▶ Your goal: The response must reproduce every record below without alteration.

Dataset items
+-------+

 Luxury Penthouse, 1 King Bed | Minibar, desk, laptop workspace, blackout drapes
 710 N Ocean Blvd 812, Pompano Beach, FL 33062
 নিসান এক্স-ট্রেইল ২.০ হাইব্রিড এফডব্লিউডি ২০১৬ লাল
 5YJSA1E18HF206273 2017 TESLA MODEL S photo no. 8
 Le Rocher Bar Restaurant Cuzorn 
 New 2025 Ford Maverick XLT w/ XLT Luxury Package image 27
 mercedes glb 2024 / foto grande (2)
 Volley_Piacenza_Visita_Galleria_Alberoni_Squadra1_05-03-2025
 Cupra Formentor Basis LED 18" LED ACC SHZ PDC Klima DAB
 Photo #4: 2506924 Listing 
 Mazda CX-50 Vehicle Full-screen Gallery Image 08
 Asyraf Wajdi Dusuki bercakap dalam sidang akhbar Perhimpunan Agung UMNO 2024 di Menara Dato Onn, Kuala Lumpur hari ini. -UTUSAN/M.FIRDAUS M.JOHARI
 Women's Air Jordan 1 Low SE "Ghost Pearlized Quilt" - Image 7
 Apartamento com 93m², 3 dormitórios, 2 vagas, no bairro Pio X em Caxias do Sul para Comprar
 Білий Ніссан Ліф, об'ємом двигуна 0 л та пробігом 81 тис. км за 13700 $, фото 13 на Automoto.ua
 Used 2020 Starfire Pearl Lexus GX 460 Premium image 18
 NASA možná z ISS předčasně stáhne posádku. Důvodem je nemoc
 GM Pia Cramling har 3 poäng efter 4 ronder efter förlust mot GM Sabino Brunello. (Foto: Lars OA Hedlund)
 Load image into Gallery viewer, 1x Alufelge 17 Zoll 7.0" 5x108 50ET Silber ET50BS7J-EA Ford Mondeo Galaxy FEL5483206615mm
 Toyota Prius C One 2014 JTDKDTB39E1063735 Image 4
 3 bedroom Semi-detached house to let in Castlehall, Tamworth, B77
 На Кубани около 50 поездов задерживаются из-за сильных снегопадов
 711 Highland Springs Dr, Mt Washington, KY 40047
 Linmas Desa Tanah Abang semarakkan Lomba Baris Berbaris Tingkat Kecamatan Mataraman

+-------+

▶ Result for this exercise:
 Luxury Penthouse, 1 King Bed | Minibar, desk, laptop workspace, blackout drapes
 710 N Ocean Blvd 812, Pompano Beach, FL 33062
 নিসান এক্স-ট্রেইল ২.০ হাইব্রিড এফডব্লিউডি ২০১৬ লাল
 5YJSA1E18HF206273 2017 TESLA MODEL S photo no. 8
 Le Rocher Bar Restaurant Cuzorn 
 New 2025 Ford Maverick XLT w/ XLT Luxury Package image 27
 mercedes glb 2024 / foto grande (2)
 Volley_Piacenza_Visita_Galleria_Alberoni_Squadra1_05-03-2025
 Cupra Formentor Basis LED 18" LED ACC SHZ PDC Klima DAB
 Photo #4: 2506924 Listing 
 Mazda CX-50 Vehicle Full-screen Gallery Image 08
 Asyraf Wajdi Dusuki bercakap dalam sidang akhbar Perhimpunan Agung UMNO 2024 di Menara Dato Onn, Kuala Lumpur hari ini. -UTUSAN/M.FIRDAUS M.JOHARI
 Women's Air Jordan 1 Low SE "Ghost Pearlized Quilt" - Image 7
 Apartamento com 93m², 3 dormitórios, 2 vagas, no bairro Pio X em Caxias do Sul para Comprar
 Білий Ніссан Ліф, об'ємом двигуна 0 л та пробігом 81 тис. км за 13700 $, фото 13 на Automoto.ua
 Used 2020 Starfire Pearl Lexus GX 460 Premium image 18
 NASA možná z ISS předčasně stáhne posádku. Důvodem je nemoc
 GM Pia Cramling har 3 poäng efter 4 ronder efter förlust mot GM Sabino Brunello. (Foto: Lars OA Hedlund)
 Load image into Gallery viewer, 1x Alufelge 17 Zoll 7.0" 5x108 50ET Silber ET50BS7J-EA Ford Mondeo Galaxy FEL5483206615mm
 Toyota Prius C One 2014 JTDKDTB39E1063735 Image 4
 3 bedroom Semi-detached house to let in Castlehall, Tamworth, B77
 На Кубани около 50 поездов задерживаются из-за сильных снегопадов
 711 Highland Springs Dr, Mt Washington, KY 40047
 Linmas Desa Tanah Abang semarakkan Lomba Baris Berbaris Tingkat Kecamatan Mataraman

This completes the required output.